Atlanta’s PAL program, a mentoring program operated by Jewish Family & Career Services, is celebrating its 30th anniversary with a big party Sunday, Feb. 28, at Congregation B’nai Torah in Sandy Springs.
The Atlanta area’s only Jewish Big Brother/Big Sister program has touched the lives of hundreds of children, families and volunteers over the years and formed close relationships that in some cases have lasted decades.
PAL was started in 1986 by Archie Solomon and Ellen Moore, the first PAL program manager. According to his widow, Kaethe, Archie was involved in a Big Brother/Big Sister program in Cleveland. When the Solomons moved to Atlanta, he found a need for a similar program and decided to start one.

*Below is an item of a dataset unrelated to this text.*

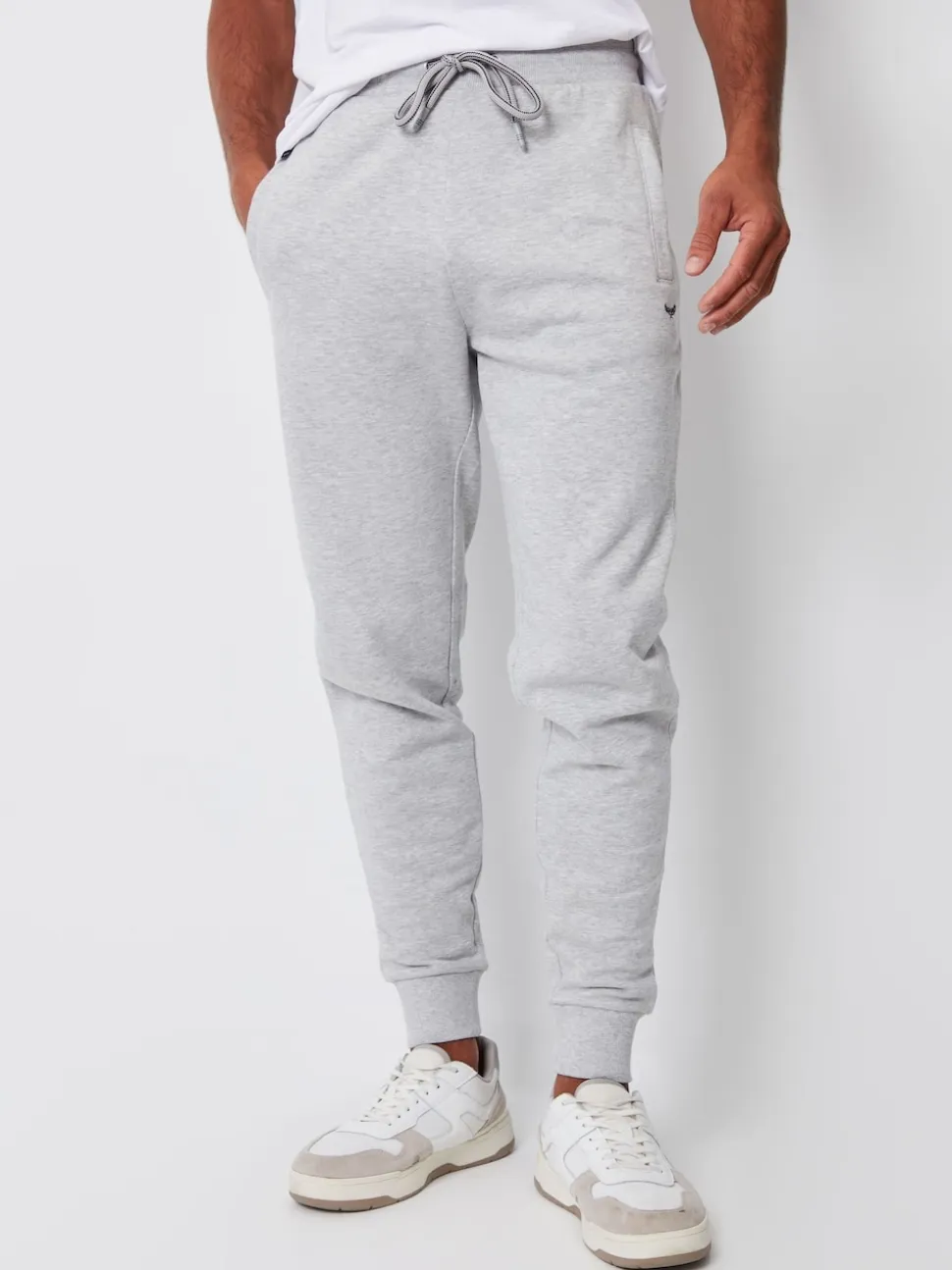 Threadbare Light Grey Cotton Blend Joggers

“Ellen Moore was a social worker here at JF&CS, and she was seeing a lot of families who were going through divorces,” said Carly Sonenshine, the PAL program manager. “The parents were coming in for counseling, saying that their children are really in need of additional support. They said that this is a really difficult time, and if they had a special person of their own outside of the family but supporting the family at the same time and supporting their child, giving them that one-on-one attention, how much they would benefit from that.”
So the Solomons and Moore started PAL with the support of JF&CS. Through about 500 PAL matches over the years, about 1,500 people have been helped by PAL, including the children (little PALs), the PAL parents and the volunteers (big PALs).
The program name originally was an acronym.
“It actually used to stand for People Are Loving. About five years ago, they got away from the acronym and just started calling it the PAL program, like a pal, a friend,” Sonenshine said.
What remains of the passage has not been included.